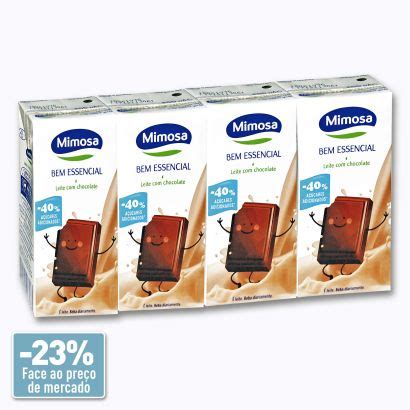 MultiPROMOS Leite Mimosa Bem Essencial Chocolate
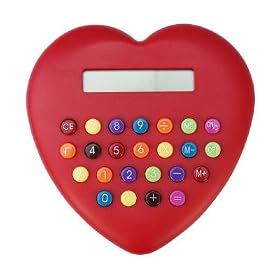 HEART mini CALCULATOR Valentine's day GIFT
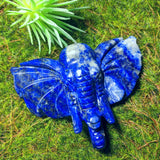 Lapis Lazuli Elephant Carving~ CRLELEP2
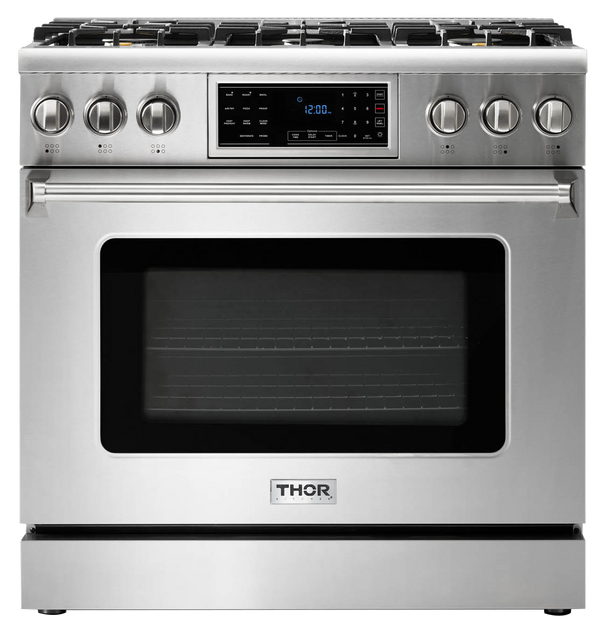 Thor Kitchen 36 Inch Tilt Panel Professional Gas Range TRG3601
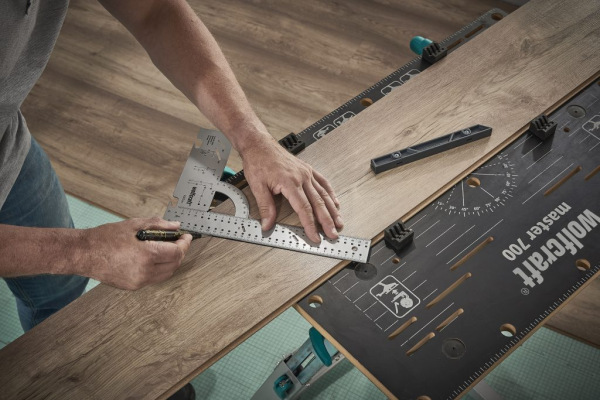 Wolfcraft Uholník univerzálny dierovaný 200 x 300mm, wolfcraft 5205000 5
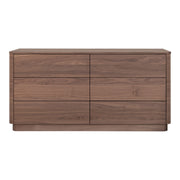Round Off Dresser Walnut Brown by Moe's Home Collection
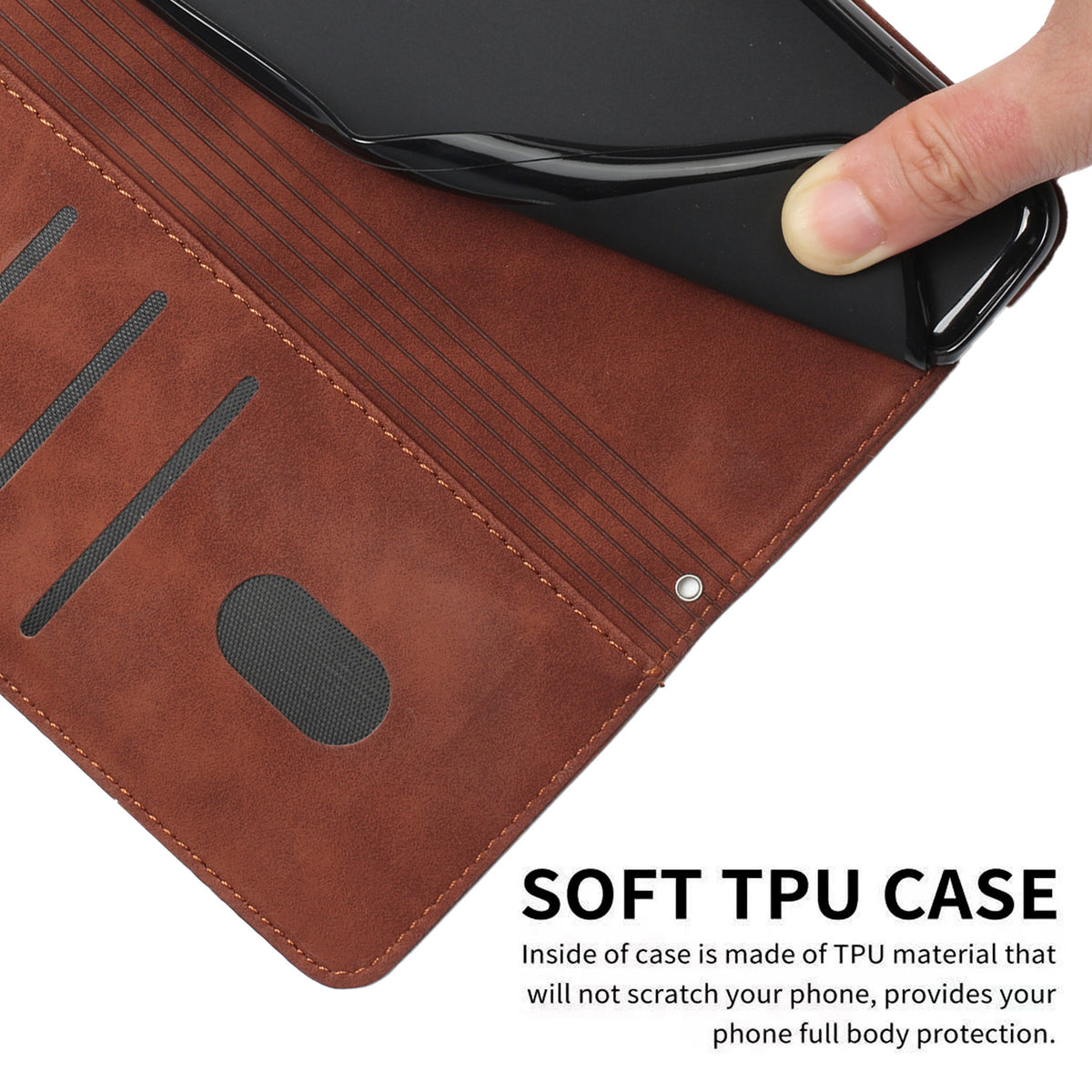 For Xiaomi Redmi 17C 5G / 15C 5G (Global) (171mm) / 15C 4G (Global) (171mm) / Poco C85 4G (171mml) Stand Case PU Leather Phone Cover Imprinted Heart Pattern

**TASK BRIEF:**
Copy the entries above faithfully and omit every image.

**RESPONSE TO THIS TASK:**
 MultiPROMOS Leite Mimosa Bem Essencial Chocolate
 HEART mini CALCULATOR Valentine's day GIFT
 Lapis Lazuli Elephant Carving~ CRLELEP2
 Thor Kitchen 36 Inch Tilt Panel Professional Gas Range TRG3601
 Wolfcraft Uholník univerzálny dierovaný 200 x 300mm, wolfcraft 5205000 5
Round Off Dresser Walnut Brown by Moe's Home Collection
 For Xiaomi Redmi 17C 5G / 15C 5G (Global) (171mm) / 15C 4G (Global) (171mm) / Poco C85 4G (171mml) Stand Case PU Leather Phone Cover Imprinted Heart Pattern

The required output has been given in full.